INFORMATION SUPPLIED:
---*---

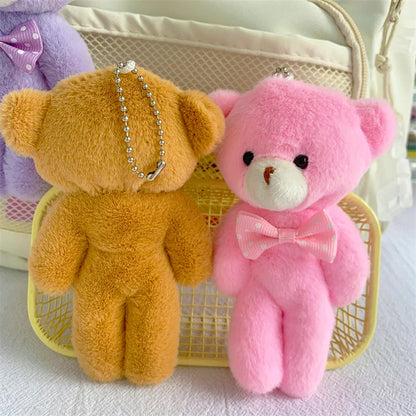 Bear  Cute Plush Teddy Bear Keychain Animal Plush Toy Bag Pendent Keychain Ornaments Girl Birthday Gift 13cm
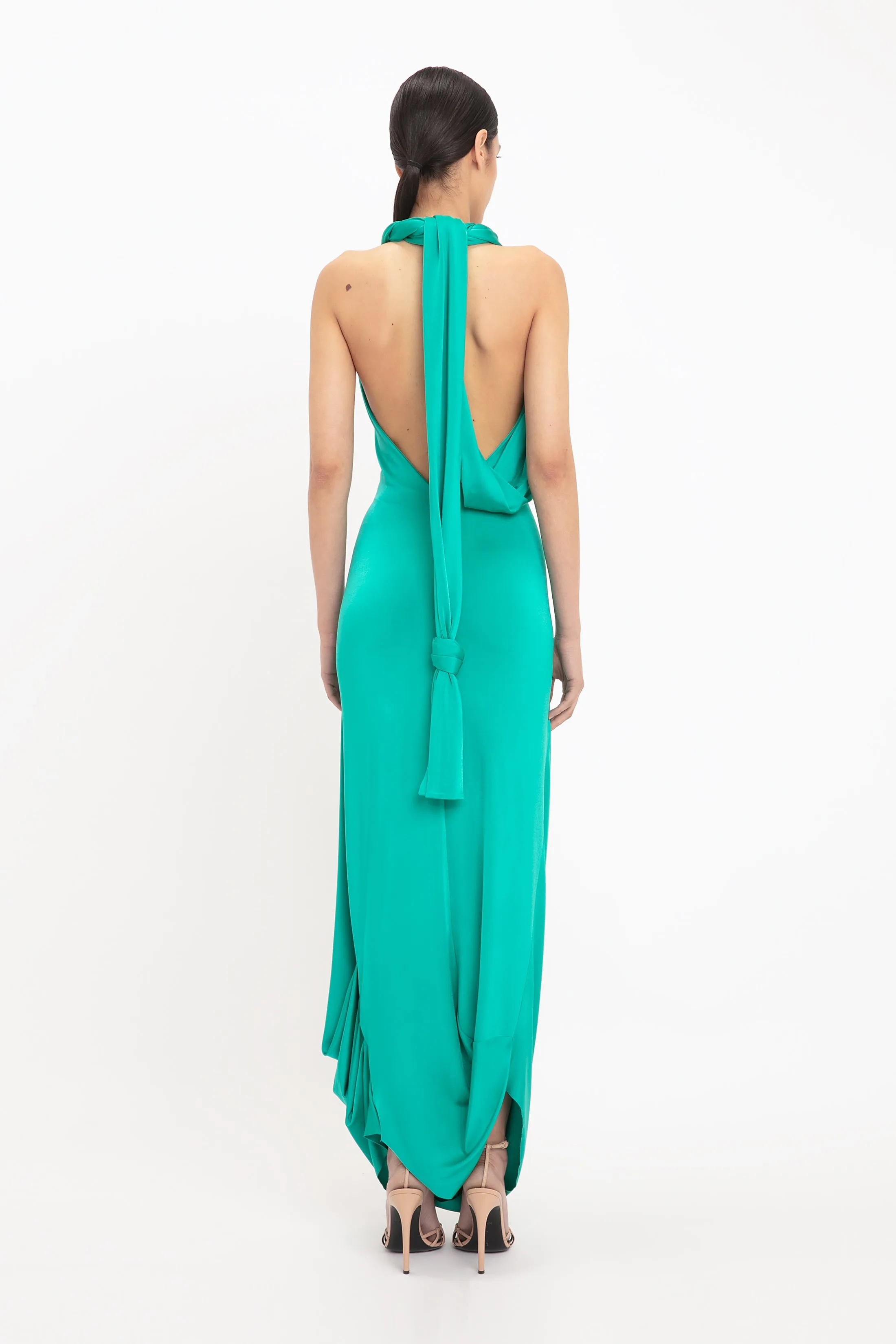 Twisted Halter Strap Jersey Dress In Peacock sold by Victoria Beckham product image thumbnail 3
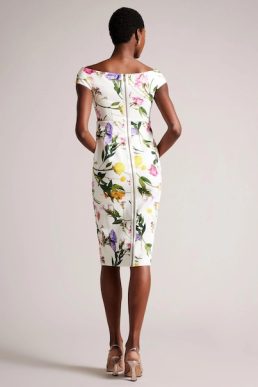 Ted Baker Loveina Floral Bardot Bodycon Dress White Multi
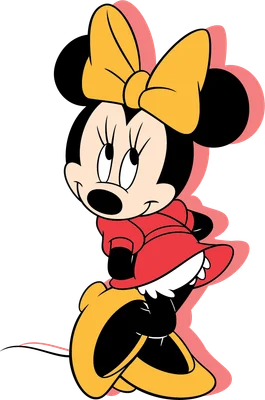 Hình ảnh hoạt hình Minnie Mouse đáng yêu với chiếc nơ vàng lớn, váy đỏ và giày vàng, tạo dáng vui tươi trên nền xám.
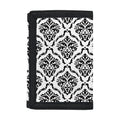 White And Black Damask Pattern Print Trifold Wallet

---*---

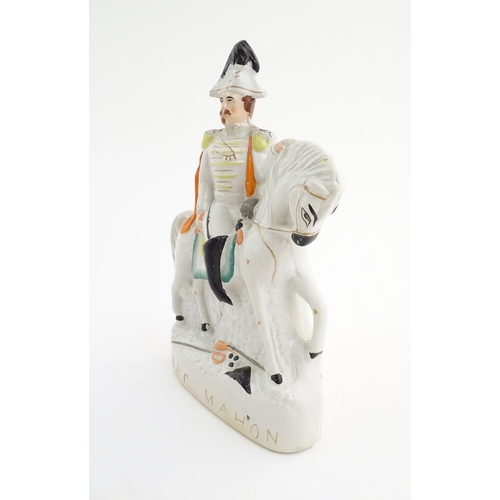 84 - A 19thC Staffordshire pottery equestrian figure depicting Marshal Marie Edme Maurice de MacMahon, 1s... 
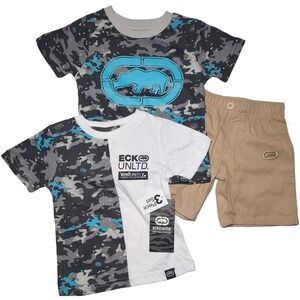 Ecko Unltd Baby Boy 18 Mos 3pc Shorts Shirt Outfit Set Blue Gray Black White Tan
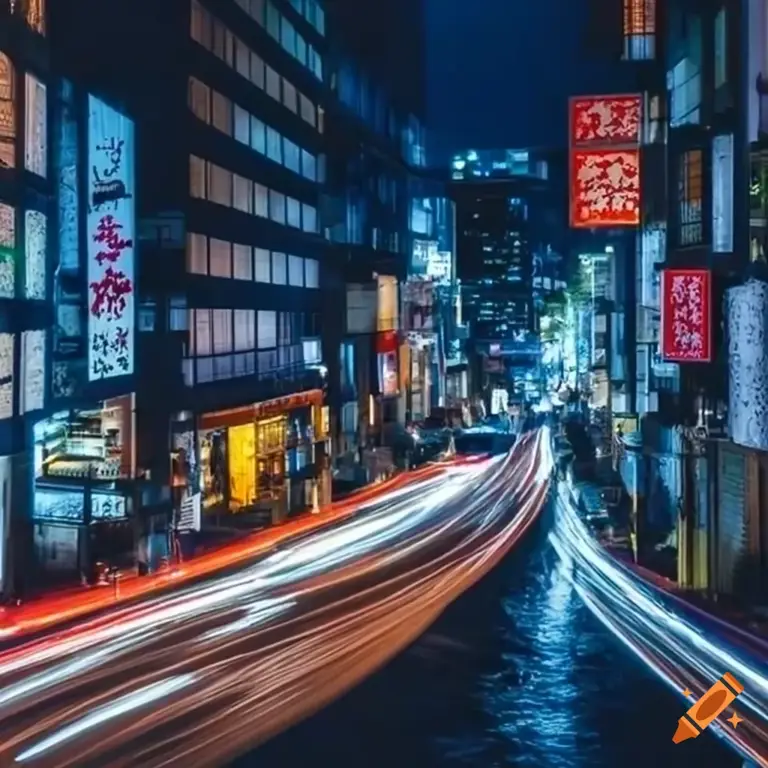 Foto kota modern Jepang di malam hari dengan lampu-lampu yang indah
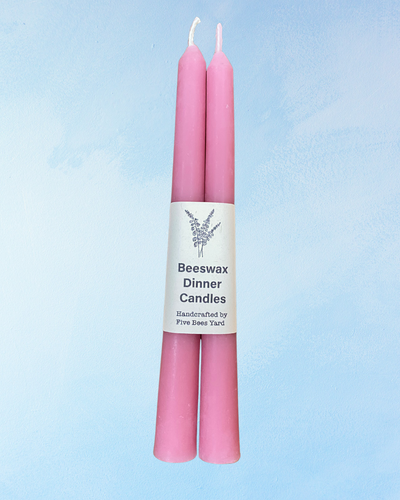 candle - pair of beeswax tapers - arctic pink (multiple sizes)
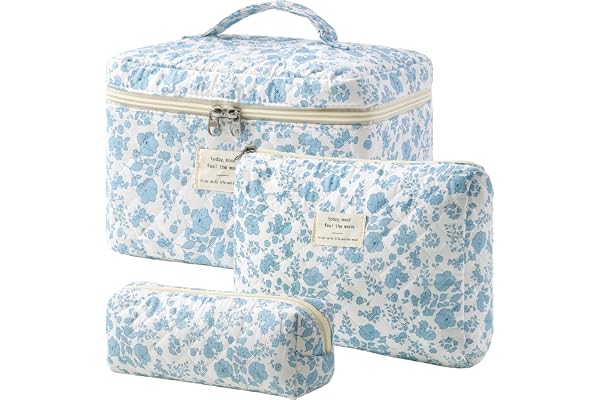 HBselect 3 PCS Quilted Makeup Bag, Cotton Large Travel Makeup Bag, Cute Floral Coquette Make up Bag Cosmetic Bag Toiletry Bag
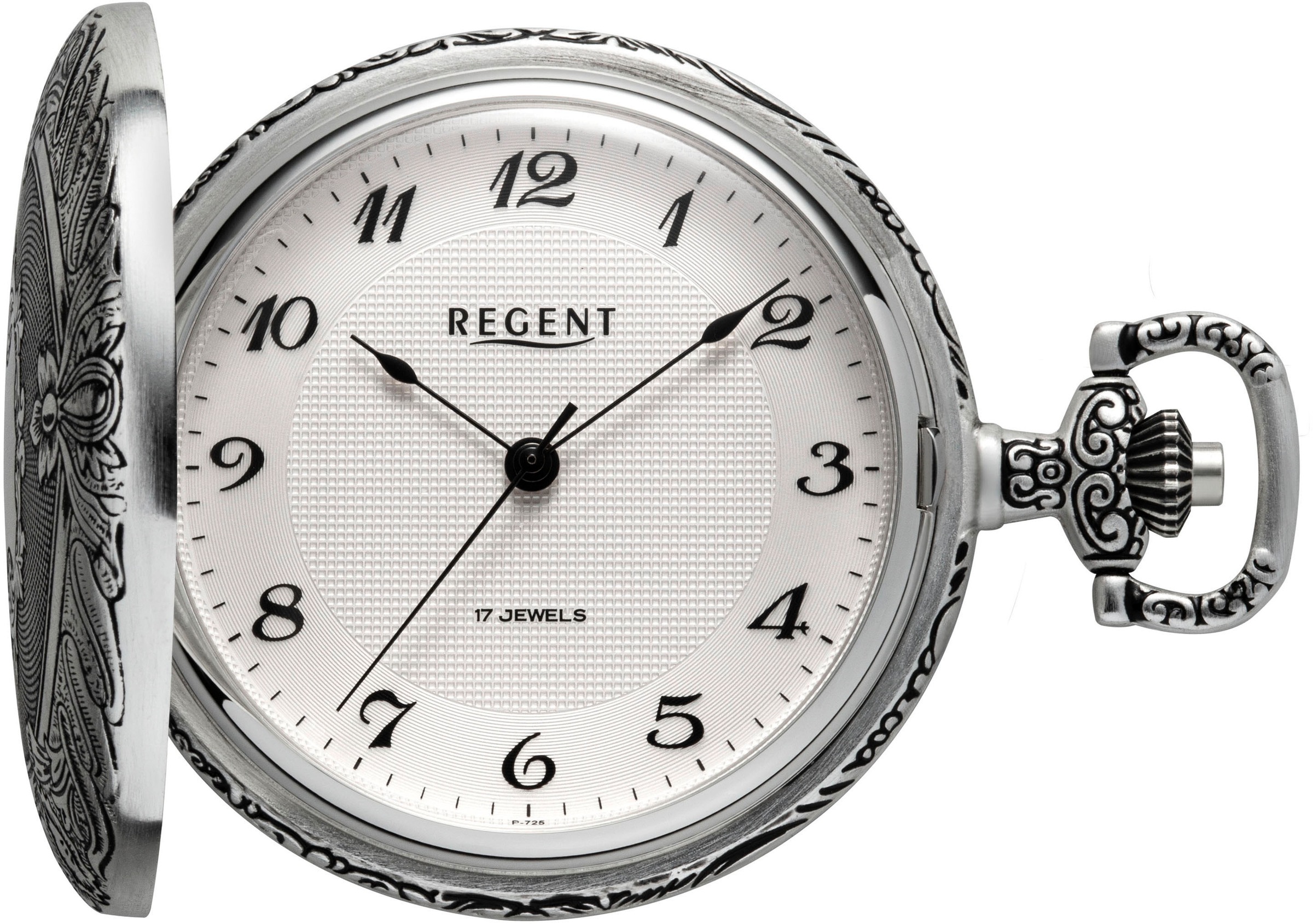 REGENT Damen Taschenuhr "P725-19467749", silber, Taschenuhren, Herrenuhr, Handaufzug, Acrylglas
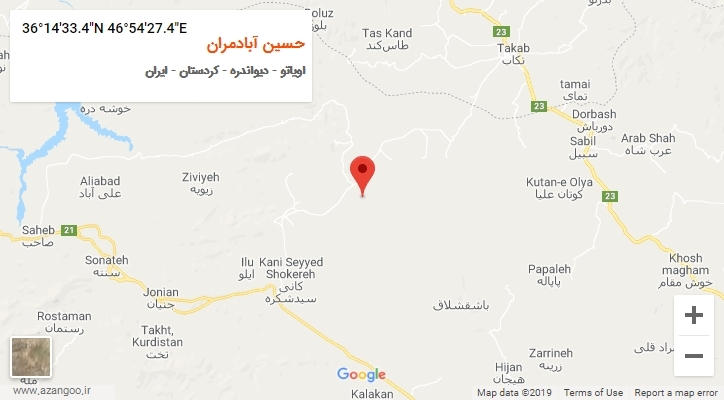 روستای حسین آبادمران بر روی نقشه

---*---

WORK TO COMPLETE:
Only the lines above from the one containing "Birthday Gift 13cm" through the one containing "Ted Baker Loveina" should be returned, verbatim and inclusive, with pictures excluded.

RESPONSE AREA:
 Bear  Cute Plush Teddy Bear Keychain Animal Plush Toy Bag Pendent Keychain Ornaments Girl Birthday Gift 13cm
 Twisted Halter Strap Jersey Dress In Peacock sold by Victoria Beckham product image thumbnail 3
 Ted Baker Loveina Floral Bardot Bodycon Dress White Multi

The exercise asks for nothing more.